== Segment start ==

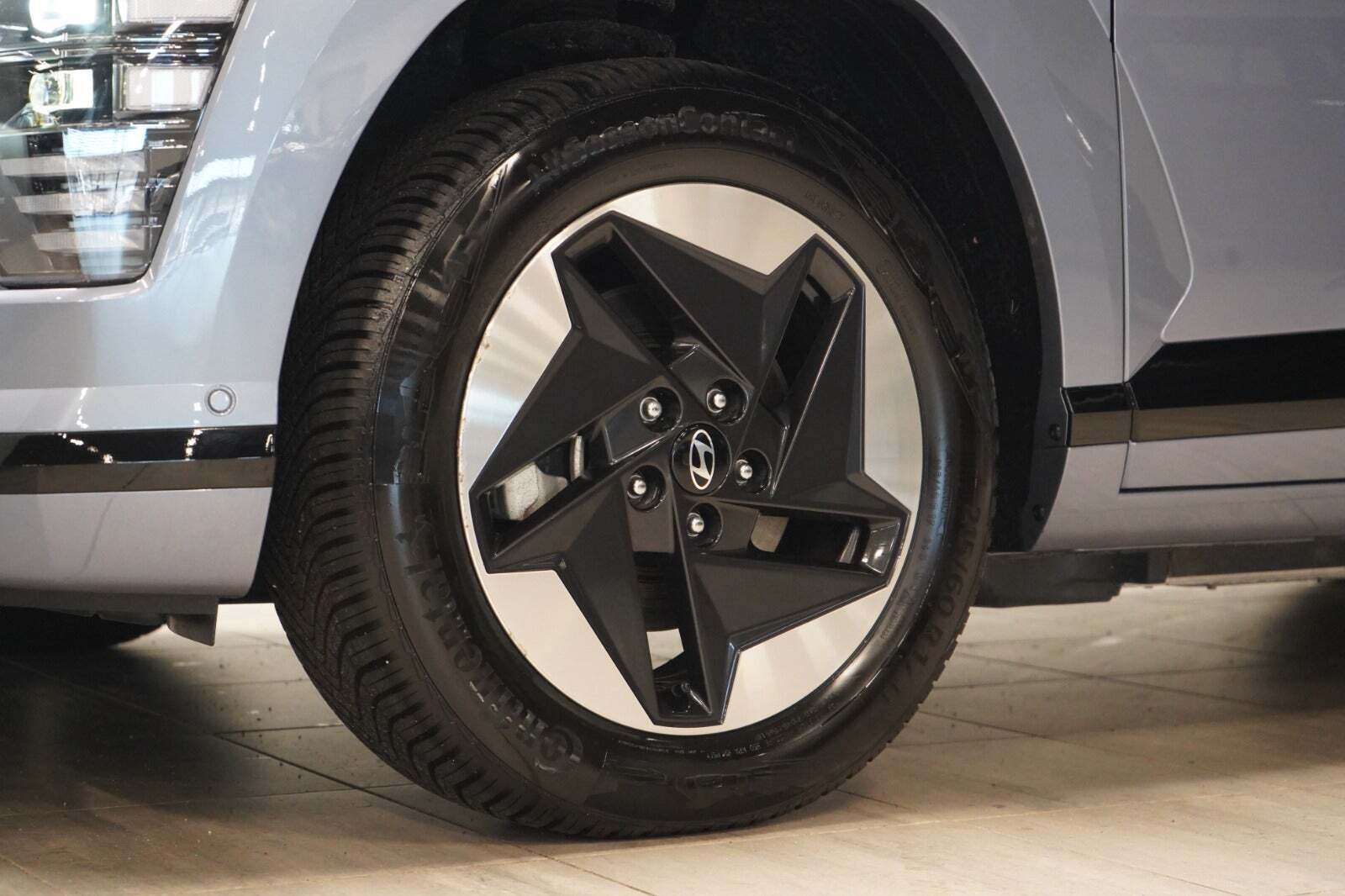 Blå Hyundai Kona fra 2024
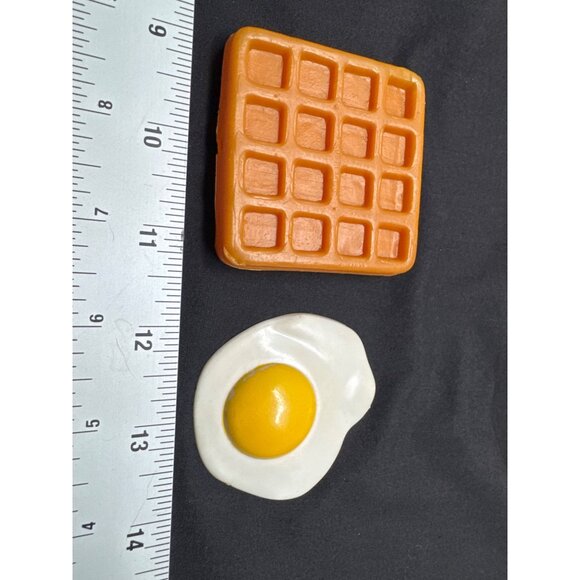 Plastic Play Food Set - Chicken Drumsticks Fried Egg Waffle & Eggs - Picture 5 of 6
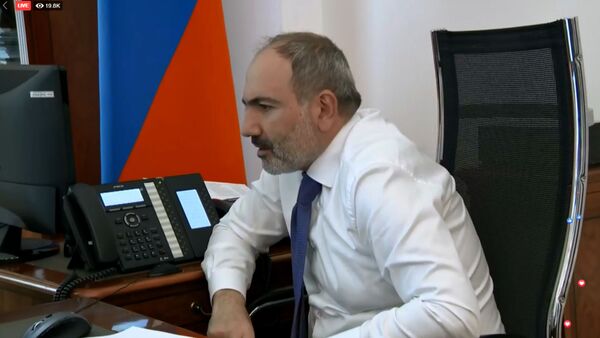 Премьер-министр Никол Пашинян звонит гражданам - Sputnik Արմենիա
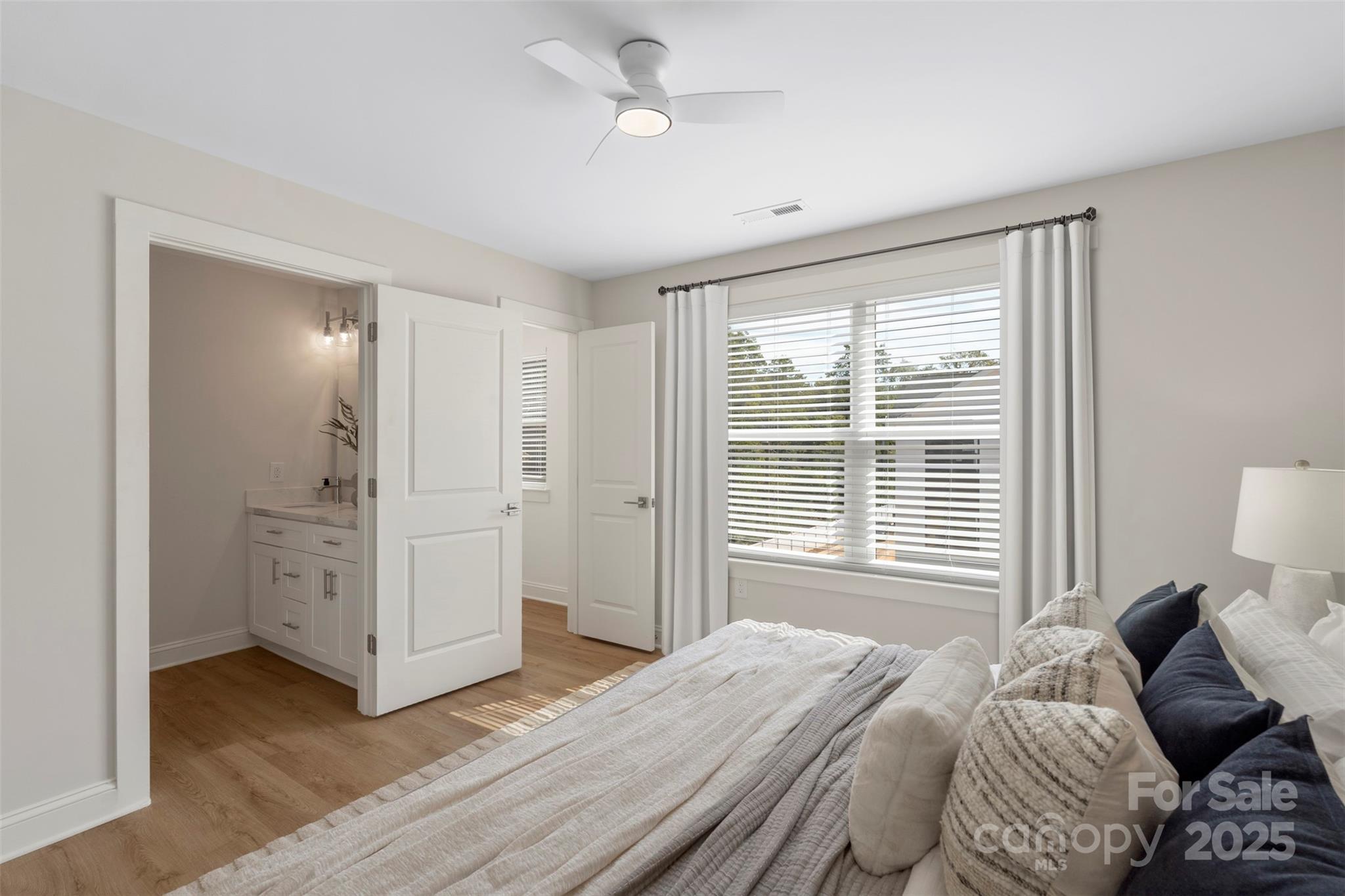 1120 Wonder Way Property Photo 24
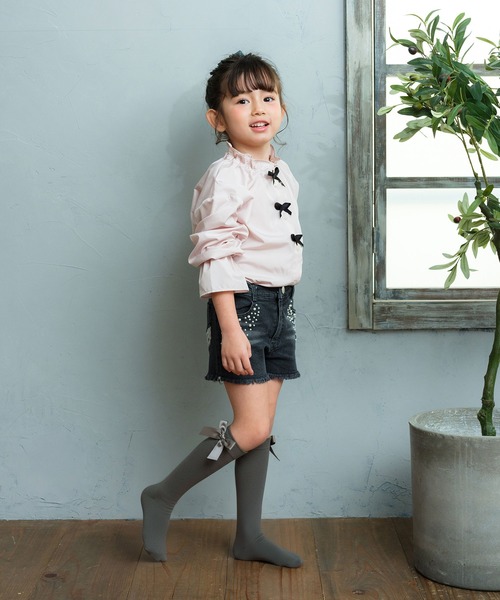 Rora（ローラ）の「エマリー リボン ハイソックス（ソックス/靴下・キッズ・ブラック/アイボリー/ブラウン/チャコールグレー・18-20cm/16-18cm/14-16cm/20-22cm）」の21枚目の写真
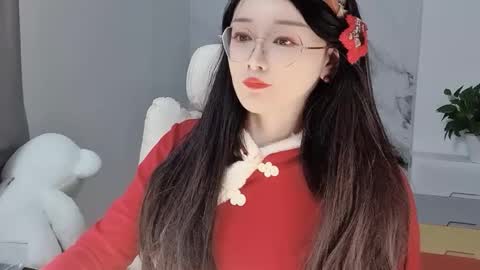 Snapshot of happysweetie168 chatting on February 11, 3:51 pm Daisy online show from February 11, 3:51 pm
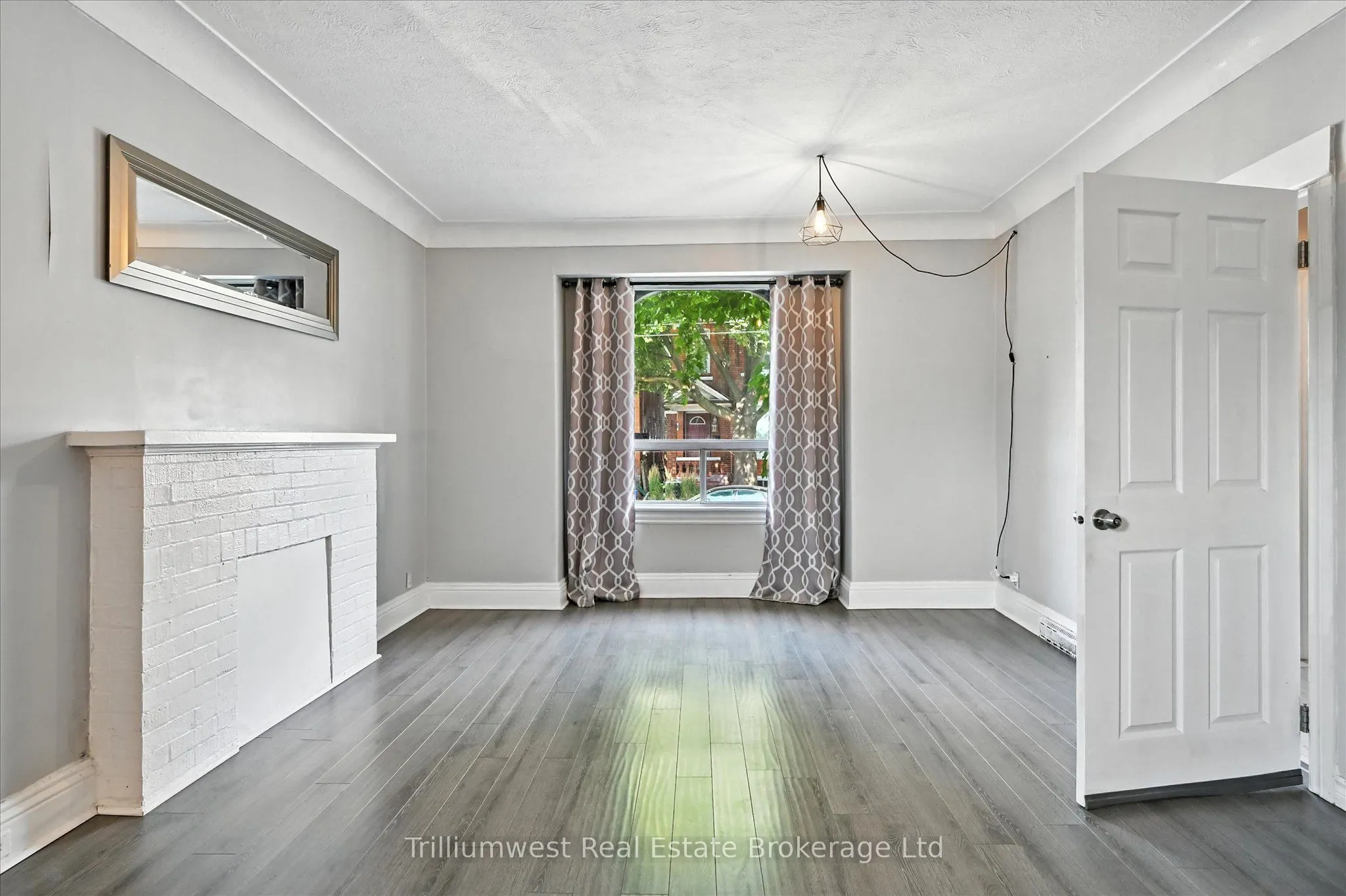 4 Madison Avenue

== Segment end ==

Exercise goal ::
Retype the data word for word and keep the pictures out of it.

Task output ::
 Blå Hyundai Kona fra 2024
 Plastic Play Food Set - Chicken Drumsticks Fried Egg Waffle & Eggs - Picture 5 of 6
 Премьер-министр Никол Пашинян звонит гражданам - Sputnik Արմենիա
 1120 Wonder Way Property Photo 24
 Rora（ローラ）の「エマリー リボン ハイソックス（ソックス/靴下・キッズ・ブラック/アイボリー/ブラウン/チャコールグレー・18-20cm/16-18cm/14-16cm/20-22cm）」の21枚目の写真
 Snapshot of happysweetie168 chatting on February 11, 3:51 pm Daisy online show from February 11, 3:51 pm
 4 Madison Avenue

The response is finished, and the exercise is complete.